───── Data for this task ─────

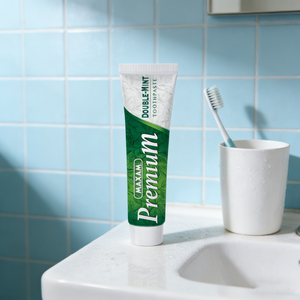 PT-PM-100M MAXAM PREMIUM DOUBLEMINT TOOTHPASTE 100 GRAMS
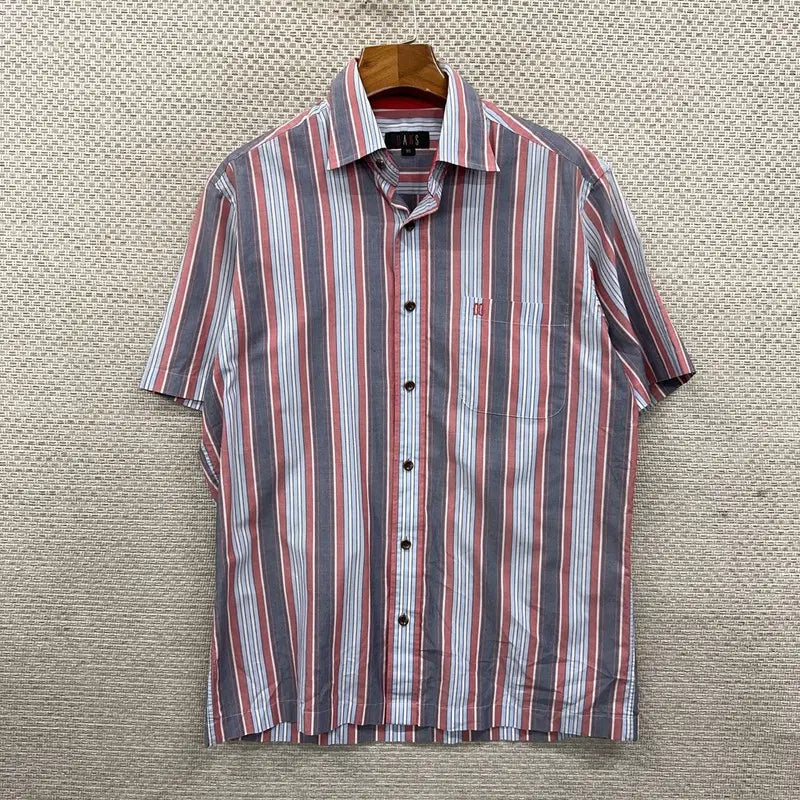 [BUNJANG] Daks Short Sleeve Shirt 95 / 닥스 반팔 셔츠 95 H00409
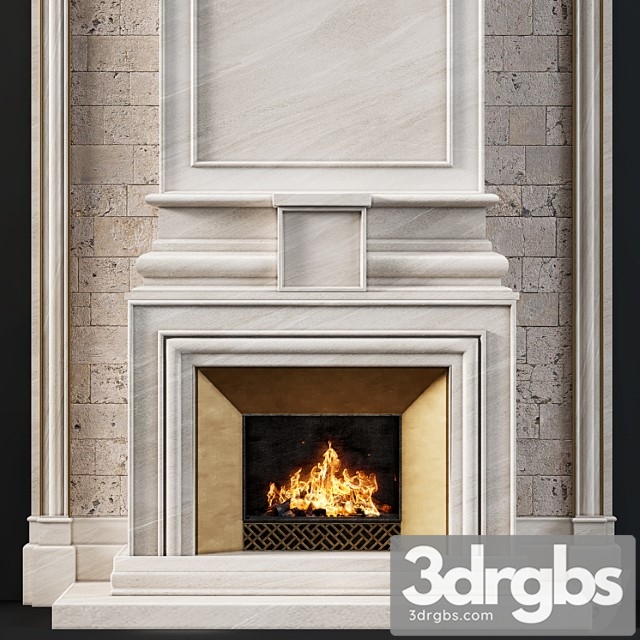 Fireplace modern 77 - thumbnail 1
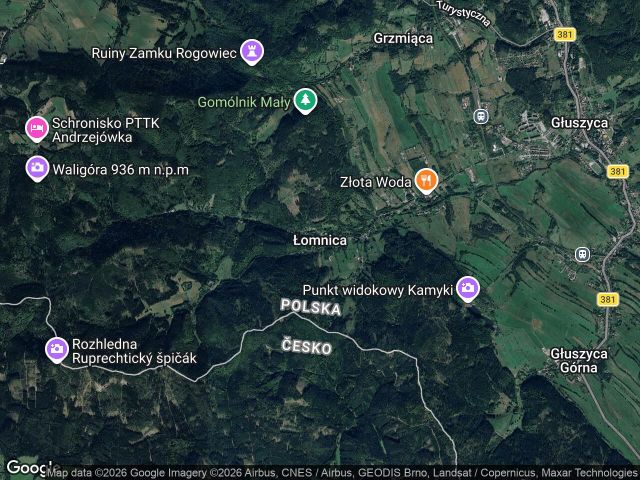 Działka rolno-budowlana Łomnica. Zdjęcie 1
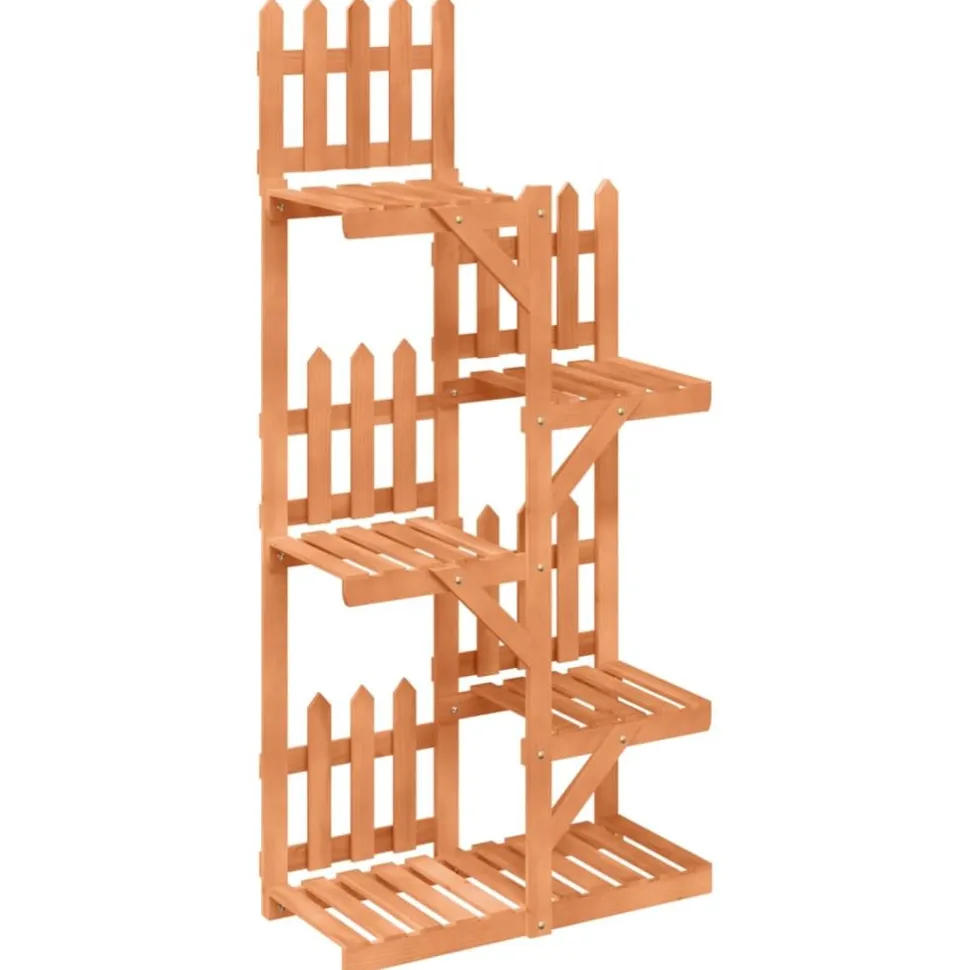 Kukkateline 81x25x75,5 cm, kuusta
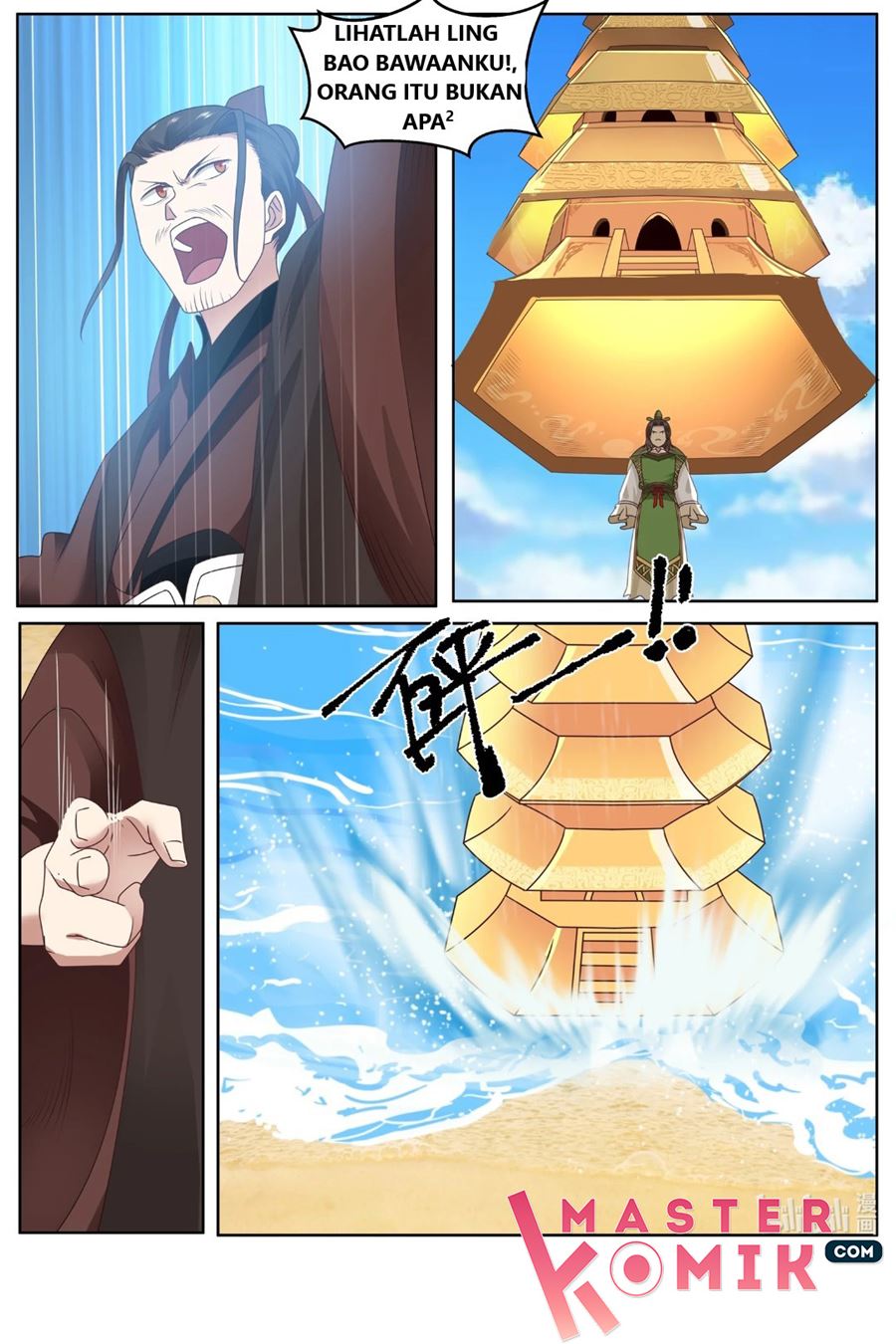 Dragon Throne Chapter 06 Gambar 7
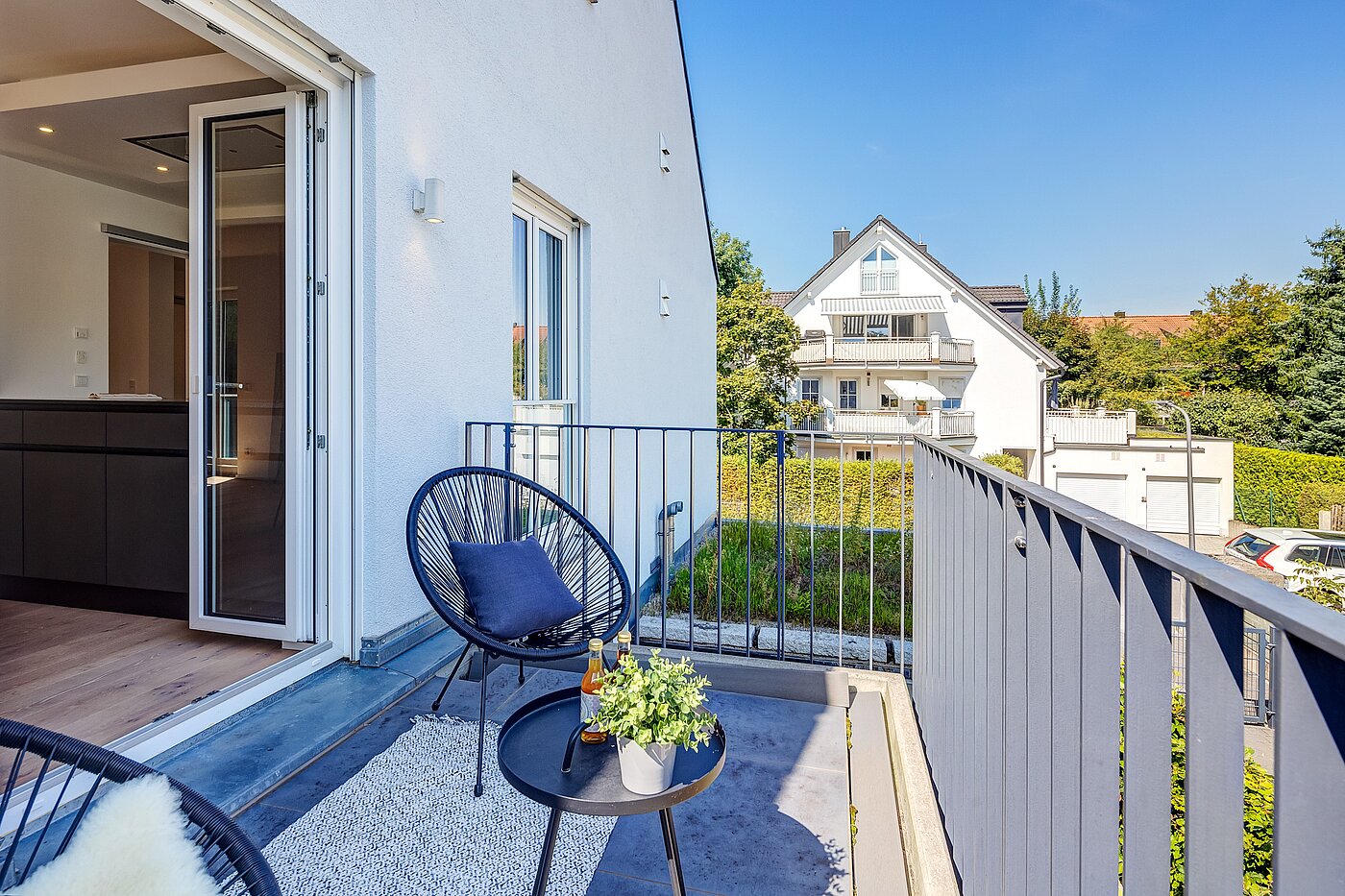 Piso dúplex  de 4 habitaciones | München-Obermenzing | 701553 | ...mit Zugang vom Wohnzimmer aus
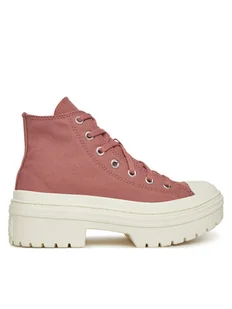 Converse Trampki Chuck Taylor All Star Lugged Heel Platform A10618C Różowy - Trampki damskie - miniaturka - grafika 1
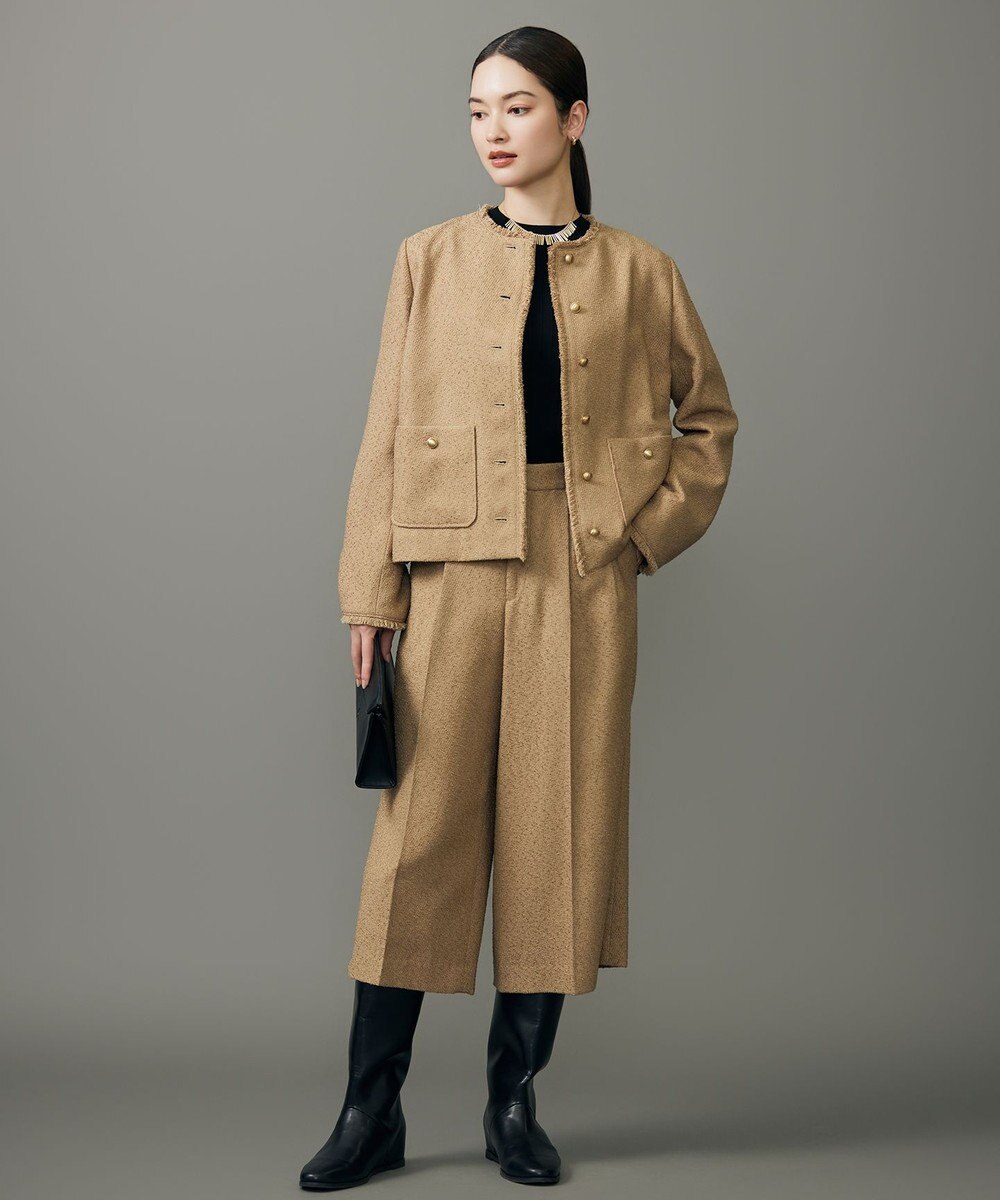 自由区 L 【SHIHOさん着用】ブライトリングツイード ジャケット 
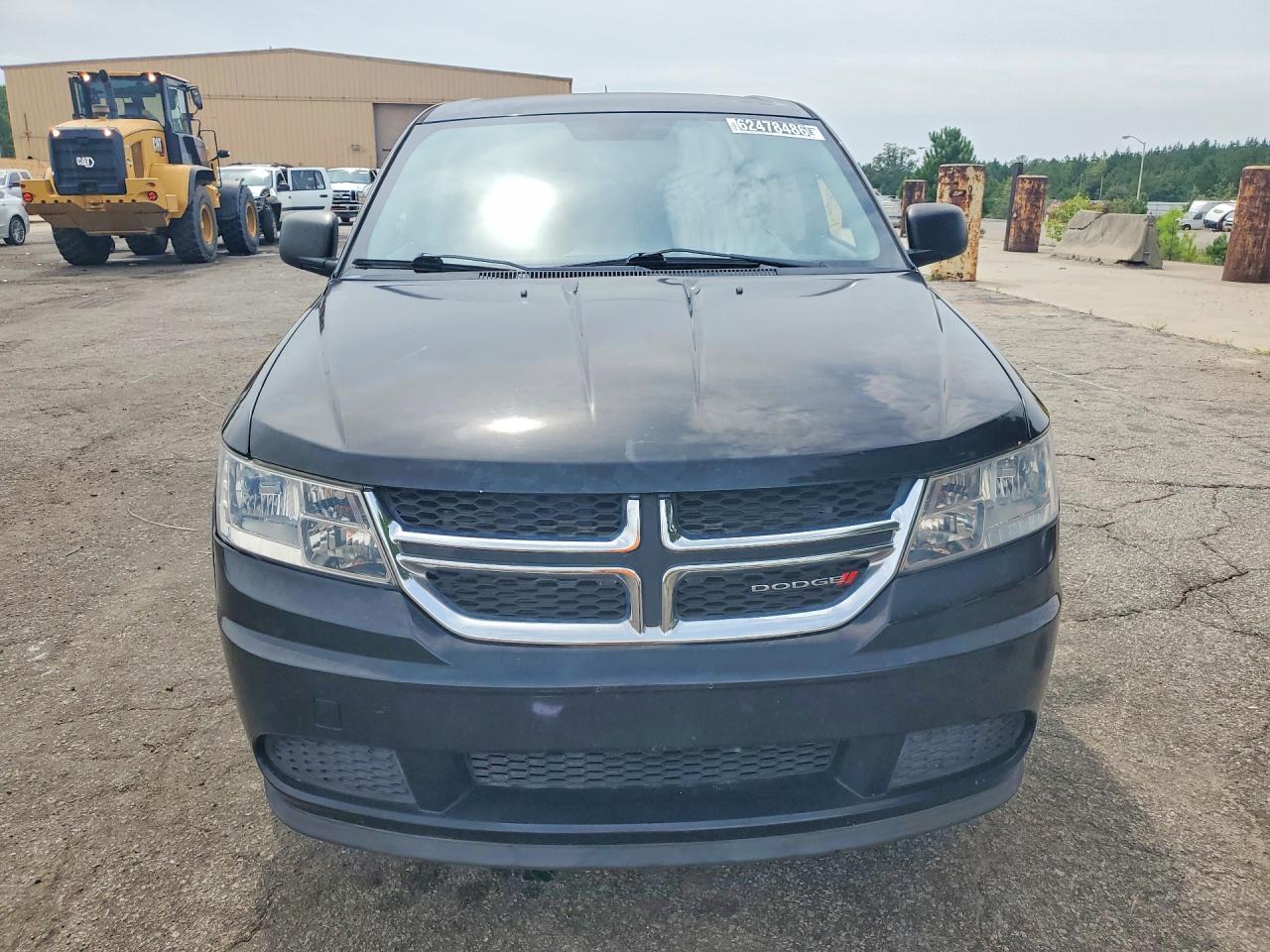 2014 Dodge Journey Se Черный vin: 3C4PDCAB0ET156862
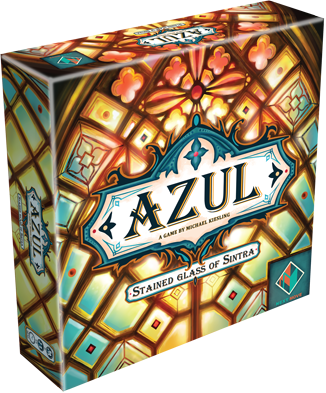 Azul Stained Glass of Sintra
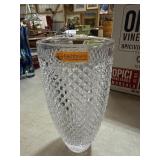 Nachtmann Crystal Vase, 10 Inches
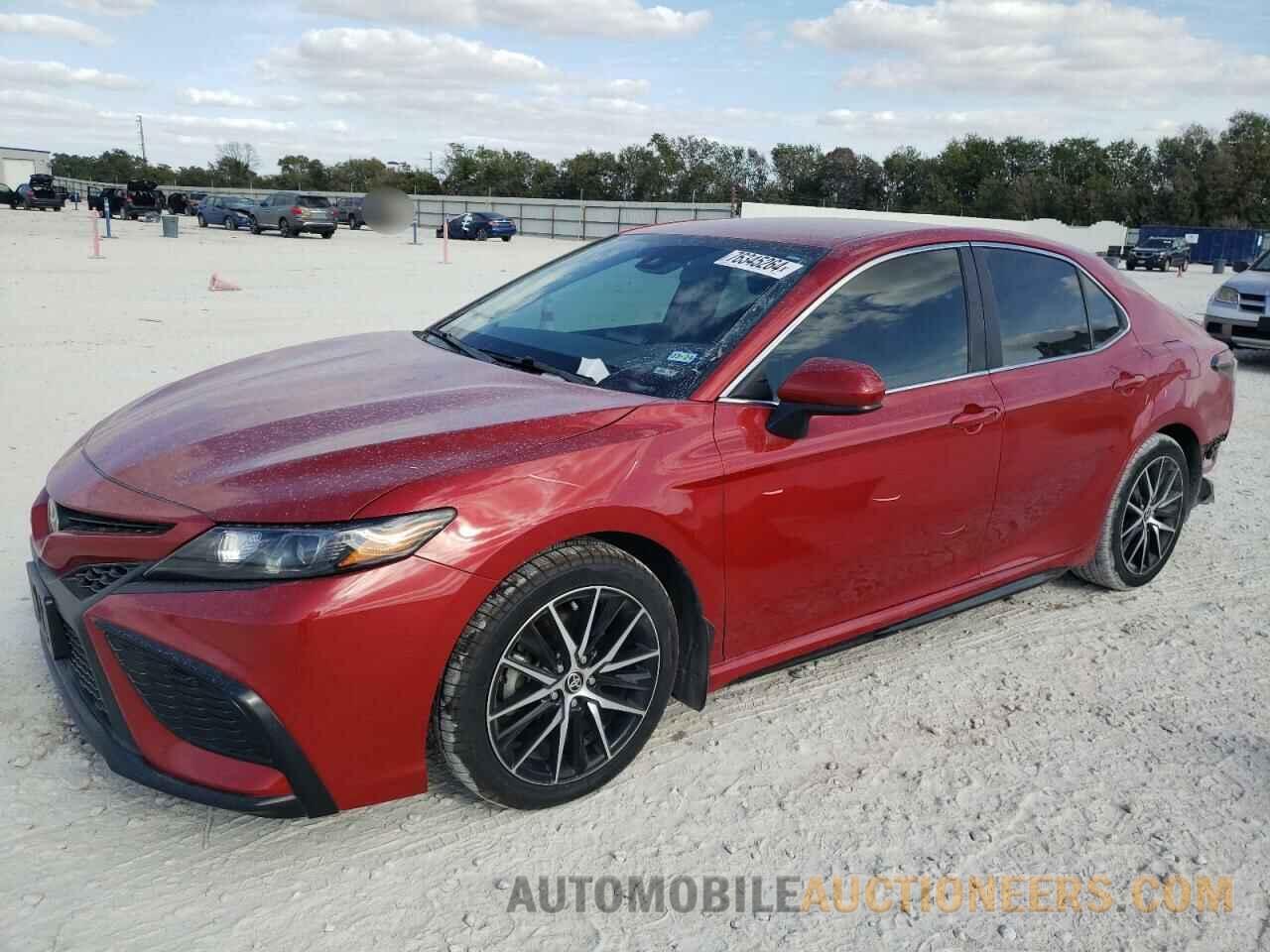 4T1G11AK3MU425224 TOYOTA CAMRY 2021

─────

What is needed is a word-for-word restatement of the lines from the one holding "Azul Stained Glass of Sintra" to the final line of the data above, inclusive, without any pictures.

 Azul Stained Glass of Sintra
 Nachtmann Crystal Vase, 10 Inches
 4T1G11AK3MU425224 TOYOTA CAMRY 2021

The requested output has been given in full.